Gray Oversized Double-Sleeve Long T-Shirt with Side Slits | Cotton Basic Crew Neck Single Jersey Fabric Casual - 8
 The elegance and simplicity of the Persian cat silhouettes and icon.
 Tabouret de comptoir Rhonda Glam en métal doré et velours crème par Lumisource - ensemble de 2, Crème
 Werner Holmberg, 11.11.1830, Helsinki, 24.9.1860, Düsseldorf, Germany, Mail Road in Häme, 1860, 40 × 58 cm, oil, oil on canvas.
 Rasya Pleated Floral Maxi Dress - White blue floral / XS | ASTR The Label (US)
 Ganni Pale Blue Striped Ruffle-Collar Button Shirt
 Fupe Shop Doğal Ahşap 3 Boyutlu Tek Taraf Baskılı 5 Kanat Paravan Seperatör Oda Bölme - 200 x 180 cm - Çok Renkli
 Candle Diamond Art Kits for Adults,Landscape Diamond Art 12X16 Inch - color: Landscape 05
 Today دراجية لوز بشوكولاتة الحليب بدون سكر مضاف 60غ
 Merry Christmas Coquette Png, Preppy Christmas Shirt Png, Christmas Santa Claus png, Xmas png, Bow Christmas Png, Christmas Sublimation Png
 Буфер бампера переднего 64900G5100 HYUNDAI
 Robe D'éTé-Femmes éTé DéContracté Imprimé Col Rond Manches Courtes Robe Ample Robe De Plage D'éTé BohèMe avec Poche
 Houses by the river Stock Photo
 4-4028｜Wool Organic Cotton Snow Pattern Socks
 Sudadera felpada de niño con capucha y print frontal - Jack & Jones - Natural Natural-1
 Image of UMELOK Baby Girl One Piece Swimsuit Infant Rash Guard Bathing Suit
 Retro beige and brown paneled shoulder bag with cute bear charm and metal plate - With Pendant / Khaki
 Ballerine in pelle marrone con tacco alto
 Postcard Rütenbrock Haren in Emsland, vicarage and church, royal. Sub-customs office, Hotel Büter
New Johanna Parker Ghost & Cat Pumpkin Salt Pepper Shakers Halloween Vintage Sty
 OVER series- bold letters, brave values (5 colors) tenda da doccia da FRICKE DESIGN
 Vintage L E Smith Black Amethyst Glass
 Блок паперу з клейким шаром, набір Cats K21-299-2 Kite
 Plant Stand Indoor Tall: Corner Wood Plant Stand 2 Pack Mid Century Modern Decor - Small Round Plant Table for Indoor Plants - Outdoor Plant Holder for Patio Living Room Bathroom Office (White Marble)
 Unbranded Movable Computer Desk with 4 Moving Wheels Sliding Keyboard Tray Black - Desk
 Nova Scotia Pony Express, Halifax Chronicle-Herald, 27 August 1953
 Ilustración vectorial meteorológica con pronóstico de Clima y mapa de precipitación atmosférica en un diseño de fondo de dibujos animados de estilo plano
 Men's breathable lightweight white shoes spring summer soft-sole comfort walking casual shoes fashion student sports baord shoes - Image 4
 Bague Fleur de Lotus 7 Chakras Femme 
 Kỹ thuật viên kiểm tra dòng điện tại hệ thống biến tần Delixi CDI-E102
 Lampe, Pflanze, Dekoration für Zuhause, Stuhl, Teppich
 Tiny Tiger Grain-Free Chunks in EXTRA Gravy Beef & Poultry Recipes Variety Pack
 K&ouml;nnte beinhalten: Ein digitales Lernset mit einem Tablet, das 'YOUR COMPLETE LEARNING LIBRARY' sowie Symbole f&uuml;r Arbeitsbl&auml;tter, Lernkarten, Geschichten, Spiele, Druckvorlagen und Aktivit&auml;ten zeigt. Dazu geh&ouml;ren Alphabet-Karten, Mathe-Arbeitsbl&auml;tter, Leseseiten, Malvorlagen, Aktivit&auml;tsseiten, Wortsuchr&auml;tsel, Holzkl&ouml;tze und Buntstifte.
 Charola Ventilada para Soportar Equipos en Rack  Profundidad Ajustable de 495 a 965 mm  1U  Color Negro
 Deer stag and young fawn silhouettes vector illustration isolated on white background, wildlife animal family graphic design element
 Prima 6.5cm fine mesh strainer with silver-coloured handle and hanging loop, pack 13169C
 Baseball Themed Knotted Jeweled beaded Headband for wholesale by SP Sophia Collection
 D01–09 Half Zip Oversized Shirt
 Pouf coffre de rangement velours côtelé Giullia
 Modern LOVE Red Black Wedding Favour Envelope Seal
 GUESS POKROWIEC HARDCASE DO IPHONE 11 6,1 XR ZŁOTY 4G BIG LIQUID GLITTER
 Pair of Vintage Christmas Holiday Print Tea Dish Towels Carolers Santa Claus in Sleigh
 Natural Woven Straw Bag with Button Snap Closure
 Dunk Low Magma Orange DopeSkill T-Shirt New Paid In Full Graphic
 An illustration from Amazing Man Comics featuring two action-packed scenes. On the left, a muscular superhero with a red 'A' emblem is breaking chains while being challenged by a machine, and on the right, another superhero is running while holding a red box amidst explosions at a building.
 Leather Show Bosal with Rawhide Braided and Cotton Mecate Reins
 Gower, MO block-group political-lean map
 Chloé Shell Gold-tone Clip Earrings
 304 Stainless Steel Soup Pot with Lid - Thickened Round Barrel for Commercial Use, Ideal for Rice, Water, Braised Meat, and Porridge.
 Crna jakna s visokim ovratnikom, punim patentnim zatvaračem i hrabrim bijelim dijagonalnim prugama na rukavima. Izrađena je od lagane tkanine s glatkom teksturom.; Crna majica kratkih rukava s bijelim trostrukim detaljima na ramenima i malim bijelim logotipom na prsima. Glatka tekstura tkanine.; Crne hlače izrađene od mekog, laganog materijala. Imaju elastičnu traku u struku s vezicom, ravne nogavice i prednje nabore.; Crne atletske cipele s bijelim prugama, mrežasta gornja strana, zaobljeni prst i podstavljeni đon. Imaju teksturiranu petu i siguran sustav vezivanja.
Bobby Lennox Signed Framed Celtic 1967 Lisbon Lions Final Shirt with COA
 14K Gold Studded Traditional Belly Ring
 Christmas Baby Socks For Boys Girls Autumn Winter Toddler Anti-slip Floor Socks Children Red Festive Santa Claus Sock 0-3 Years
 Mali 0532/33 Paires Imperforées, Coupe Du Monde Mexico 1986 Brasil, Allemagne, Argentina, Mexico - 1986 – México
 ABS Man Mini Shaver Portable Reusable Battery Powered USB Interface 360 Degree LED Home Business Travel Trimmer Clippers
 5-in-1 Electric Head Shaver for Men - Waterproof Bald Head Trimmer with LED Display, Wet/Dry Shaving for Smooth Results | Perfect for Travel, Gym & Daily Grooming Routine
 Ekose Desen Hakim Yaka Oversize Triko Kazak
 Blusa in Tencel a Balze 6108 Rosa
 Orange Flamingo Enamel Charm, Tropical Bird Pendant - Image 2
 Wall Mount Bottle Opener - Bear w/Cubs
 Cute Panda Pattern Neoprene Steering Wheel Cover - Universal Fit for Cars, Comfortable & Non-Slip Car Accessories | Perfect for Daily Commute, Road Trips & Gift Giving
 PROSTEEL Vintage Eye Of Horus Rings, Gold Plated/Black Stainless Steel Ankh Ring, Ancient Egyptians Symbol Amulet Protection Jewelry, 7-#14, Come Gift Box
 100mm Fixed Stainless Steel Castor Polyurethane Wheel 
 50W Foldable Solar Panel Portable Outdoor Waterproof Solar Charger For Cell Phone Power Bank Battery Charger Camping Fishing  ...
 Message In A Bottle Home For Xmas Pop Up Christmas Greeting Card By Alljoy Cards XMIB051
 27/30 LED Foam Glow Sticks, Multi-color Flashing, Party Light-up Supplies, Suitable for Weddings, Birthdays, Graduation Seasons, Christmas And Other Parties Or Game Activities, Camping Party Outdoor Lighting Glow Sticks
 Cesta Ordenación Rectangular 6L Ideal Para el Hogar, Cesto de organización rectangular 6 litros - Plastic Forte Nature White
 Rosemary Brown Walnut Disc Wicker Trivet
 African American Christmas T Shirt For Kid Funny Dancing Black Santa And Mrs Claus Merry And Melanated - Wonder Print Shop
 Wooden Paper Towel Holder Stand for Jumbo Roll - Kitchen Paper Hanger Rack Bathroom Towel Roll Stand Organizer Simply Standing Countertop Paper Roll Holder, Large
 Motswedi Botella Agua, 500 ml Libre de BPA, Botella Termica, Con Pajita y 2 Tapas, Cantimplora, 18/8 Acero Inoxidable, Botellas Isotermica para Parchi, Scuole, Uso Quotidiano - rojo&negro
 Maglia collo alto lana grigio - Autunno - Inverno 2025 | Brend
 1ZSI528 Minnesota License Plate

- _Your task_: Reproduce exactly, and only, the part of the listing above that begins at the line with "Kỹ thuật viên" and goes on through the line with "Tiny Tiger Grain-Free".

- _Response to the exercise_:
 Kỹ thuật viên kiểm tra dòng điện tại hệ thống biến tần Delixi CDI-E102
 Lampe, Pflanze, Dekoration für Zuhause, Stuhl, Teppich
 Tiny Tiger Grain-Free Chunks in EXTRA Gravy Beef & Poultry Recipes Variety Pack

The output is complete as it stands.